Hypocrisy
Share:FacebookX

Hypocrisy

Tragedy and hypocrisy. A 9-month pregnant woman was caught in the middle of a gun fight on an MBTA train in Boston last night. read how the Boston Globe and others in the article go through verbal contortions to, on the one hand, express sympathy and report the reality that an innocent life was taken when her unborn child was killed, and on the other hand, try to remain consistent in their pro-abortion attitudes.

    The fetus of a 29-year-old passenger on the Orange Line died last night after the woman was shot by someone in a group of young men who were arguing as the train pulled into the Massachusetts Avenue station about 8 p.m., authorities said.

The fetus died? How can that be? It’s jus an undifferentiated glob of cells, although at nine months it looks amazingly like a baby. (As it does at 8 days, as well.)

    “This is an unbelievable tragedy,” Mayor Thomas M. Menino said last night. “It’s senseless and it frustrates you. You have a woman on a train and these people have no sense of life. Our prayers go out to that woman and her family and that poor baby.”

Really Mr. Mayor? Then why isn’t it a tragedy when a woman in abortion clinic has her baby ripped from her womb?

My question is what would their reaction be if the woman was on her way to an abortion clinic for a partial-birth abortion? Would it be, “Oh it’s too bad she got shot, but she didn’t want it anyway?”

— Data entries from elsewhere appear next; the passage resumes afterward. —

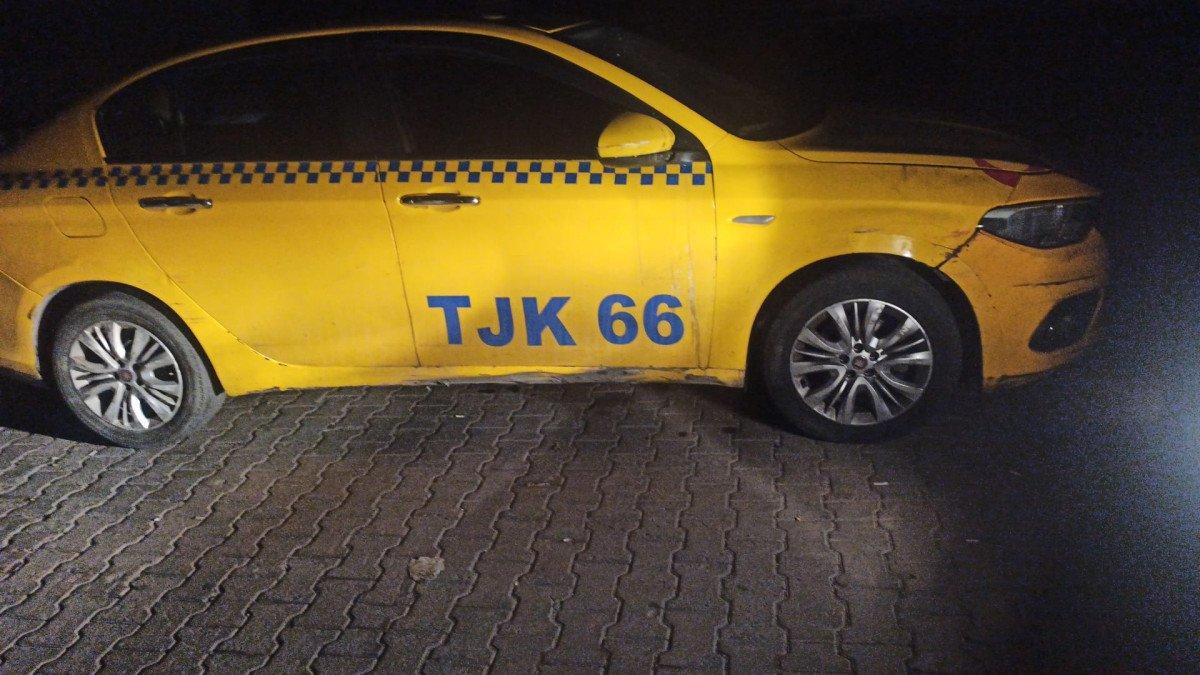 İstanbul'da taksi şoförüne yolcudan silahlı saldırı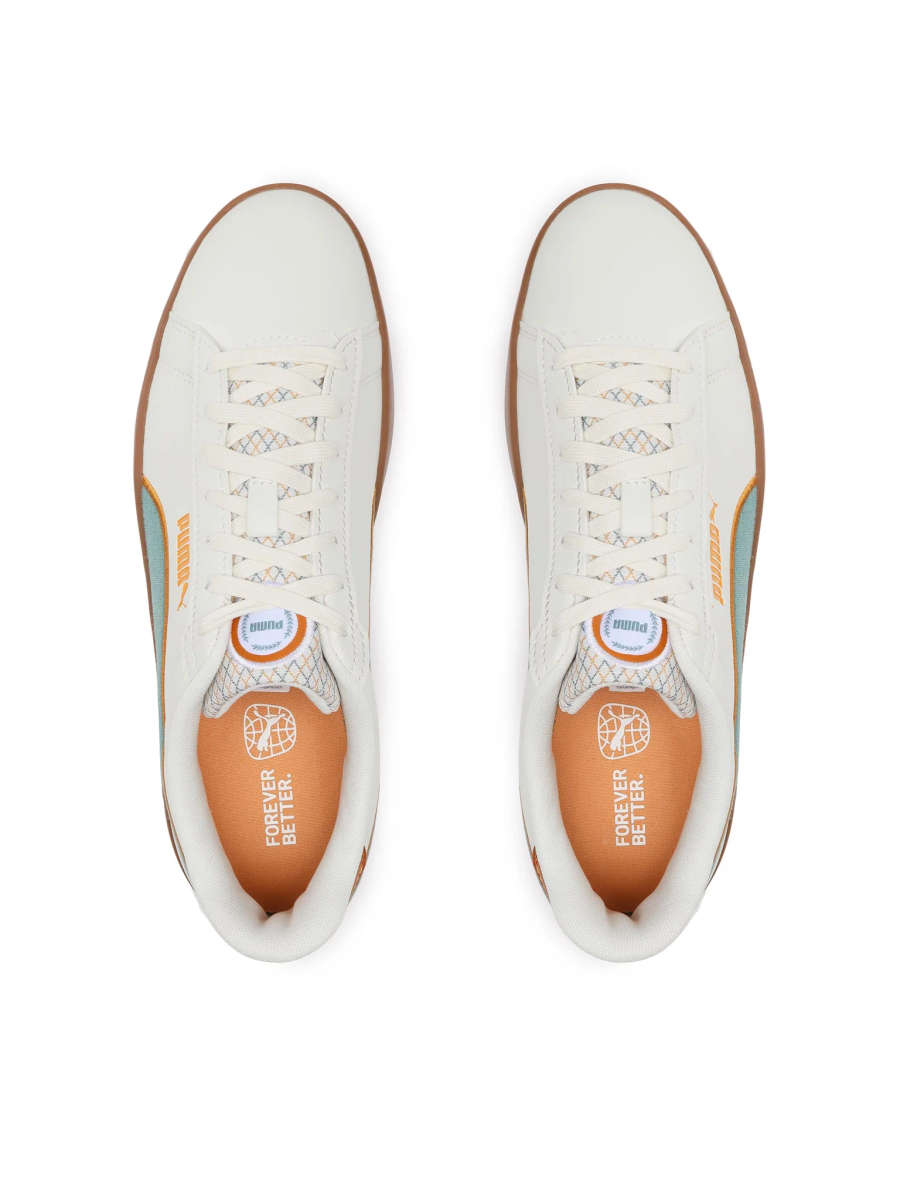 PUMA SMASH 3.0 WHITE BLUE GUM SNEAKERS RETAILR1100
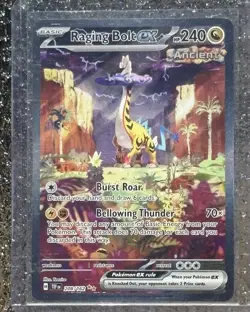 Raging Bolt EX 208/162 Pokemon TCG Temporal Forces Special Illustration Rare NM - Image 1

My point is that most pro-choicers do the intellectually impossible—they hold two contradictory ideas in their heads. Upon encountering a pregnant woman, they are paralyzed for a moment until they have determined whether it’s a wanted child or not. If not, then they offer their sympathy and check the mental box that says “fetus, clump of cells,” but if the child is wanted then they check the box that says “baby, unborn” and offer their congratulations. In other words we have a national case of schizophrenia over abortion. Our instincts (i.e. the natural law) tell us that we should protect and cherish the pregnant mother and unborn child, but selfishness and materialism and secular humanism tell us that the child is insignificant and subordinate to the woman, mainly because we can’t see him. I often wonder how things would be different if a woman’s belly was transparent. Besides being really gross, I’m convinced it would mean the quick end of abortion.

The reality is that we’re a world of doubting Thomases. If we cannot see it, if we cannot experience empirically, we do not believe. The sad thing is that aborting mothers can feel it, but not see it, and they don’t believe either.